I can't wait to tell my wife that a 300 amp TIG welder is just a hand tool.....


----------



## Degen (Apr 26, 2022)

Susquatch said:


> I can't wait to tell my wife that a 300 amp TIG welder is just a hand tool.....


Wait till she sees that a router can work as a milling machine, you're going be SOL when you go looking for a mill .


----------



## Susquatch (Apr 26, 2022)

Degen said:


> Wait till she sees that a router can work as a milling machine, you're going be SOL when you go looking for a mill .



No worries. I already have two full size knee mills - a Bridgeport VariSpd and a Hartford Pulley Head. But I could use a TIG welder hand tool.....


----------



## CWret (Apr 27, 2022)

Thanks @Degen. That guy used simple tools for a difficult task and made it look easy. It's experience that makes the difference. It would seem he has plenty. Sometimes getting experience is costly. A friend of mine, who was a unique person in a very specialized field, would say "I don't know how smart I can afford to get."


----------



## Degen (Apr 27, 2022)

CWret said:


> Thanks @Degen. That guy used simple tools for a difficult task and made it look easy. It's experience that makes the difference. It would seem he has plenty. Sometimes getting experience is costly. A friend of mine, who was a unique person in a very specialized field, would say "I don't know how smart I can afford to get."
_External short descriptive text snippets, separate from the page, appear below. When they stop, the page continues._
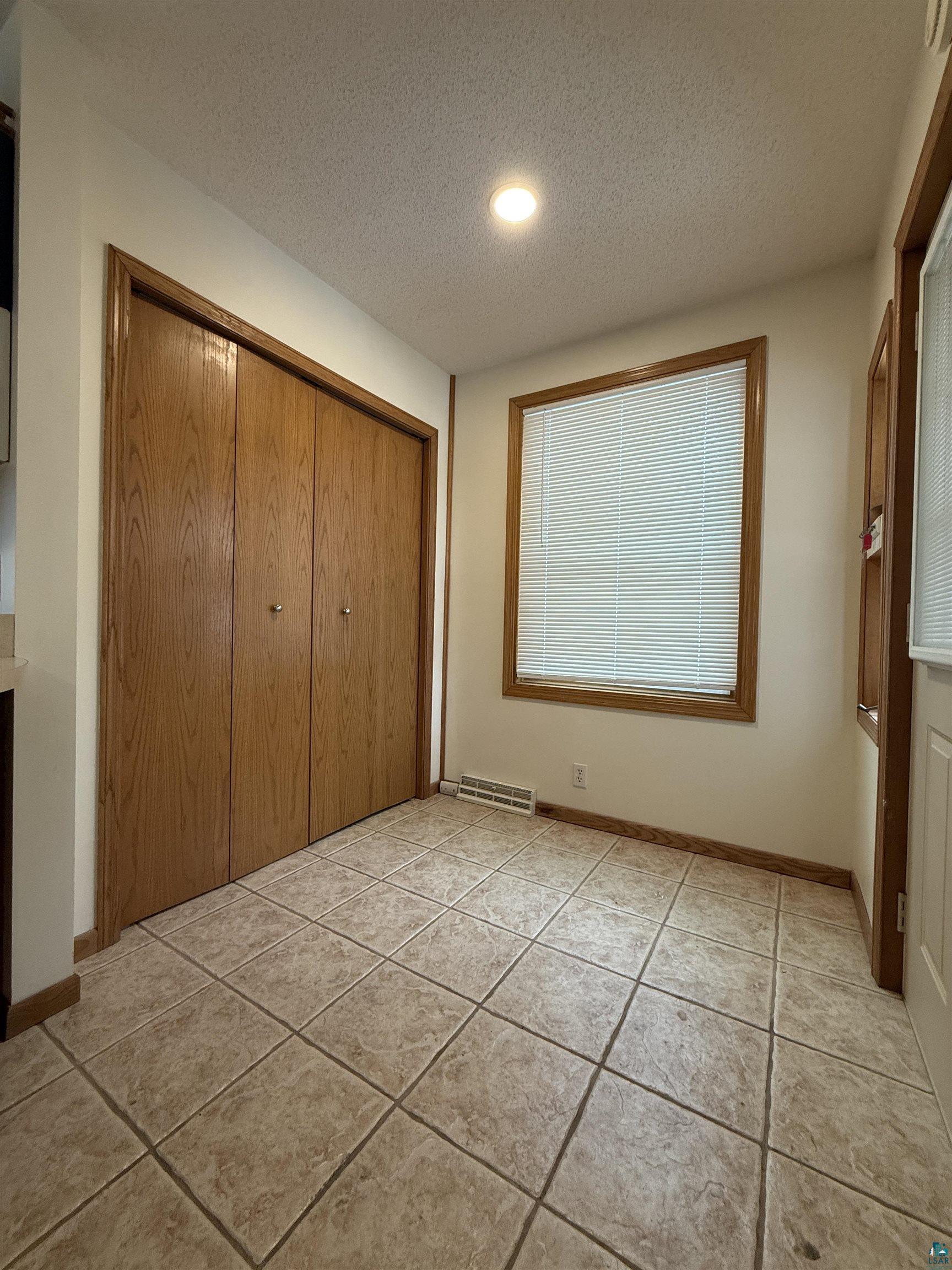 1321 South 13th Street Virginia, MN 55792 - Photo 8 of 33 Unfurnished bedroom with a textured ceiling, a closet, light tile patterned floors, and recessed lighting
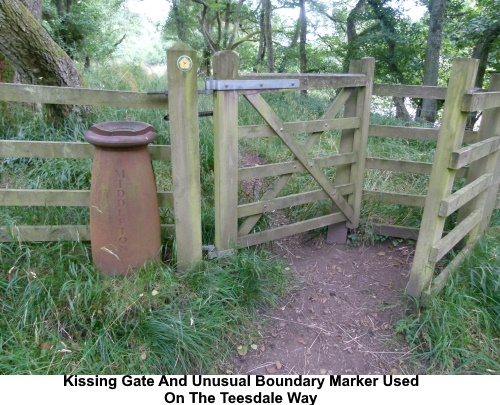 A kissing gate and unusual boundary marker on the Teesdale Way.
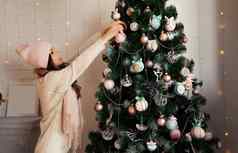 快乐年轻的女人装修圣诞节树挂球树圣诞节装饰玩具挂树圣诞节树球一年圣诞节假期概念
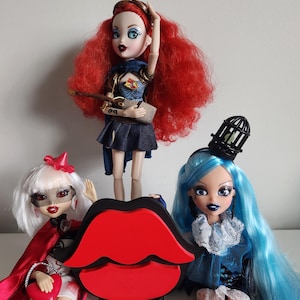 Könnte beinhalten: Drei Modepuppen mit unterschiedlichen Frisuren und Outfits. Die Puppe links hat weißes Haar, einen roten Umhang und ein weißes Kleid. Die Puppe in der Mitte hat rotes Haar, ein blaues und schwarzes Kleid und eine braune Tasche. Die Puppe rechts hat blaues Haar, ein blaues und weißes Kleid und einen schwarzen Vogelkäfig-Hut.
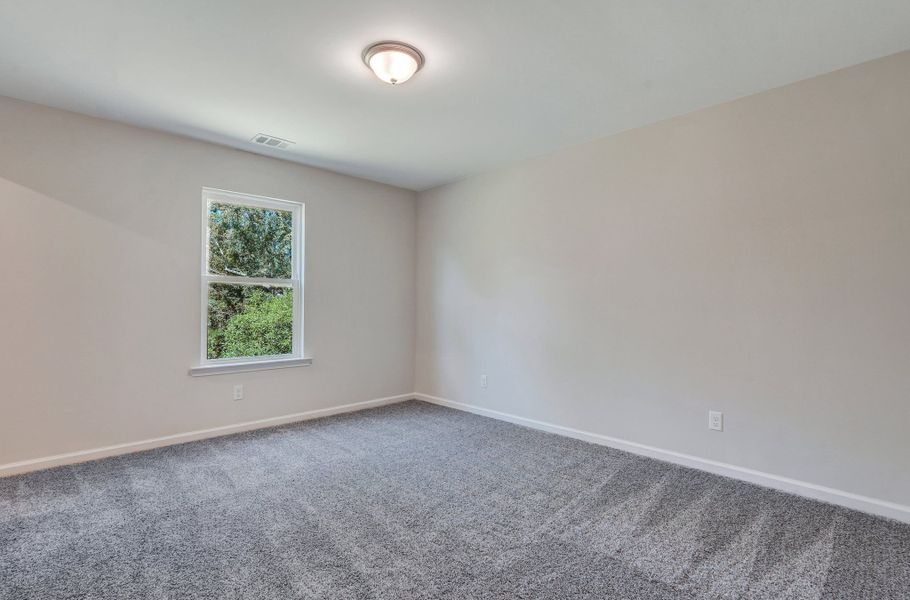 Spacious, unfurnished interior of a new home in Settlers Hammock, Kingsland (Image 32).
I am at the skill level that I am because when I started, my only limit was what I let the few tools I had set.  This means If I wanted (sometimes needed) to do something, I learned to make do with what I had and had to come up with solutions.  Currently I believe I have mote and better tools than both my grandparents had and they could do more with  lot less than I.  I see kids today that can't come up with solutions unless they have that specialized tool.

I see this video as a reminder to do things don't let what you don't have limit you, it just takes the effort and nerve to go for it and make it happen.

Just remember bigger better tools just help in making junk faster.


----------



## Degen (Apr 27, 2022)

Susquatch said:


> I can't wait to tell my wife that a 300 amp TIG welder is just a hand tool.....


Just tell her its a high tech AFD and hope she's never around if you have a heart attack.


----------



## Dabbler (Apr 27, 2022)

What a great video!  thanks!


----------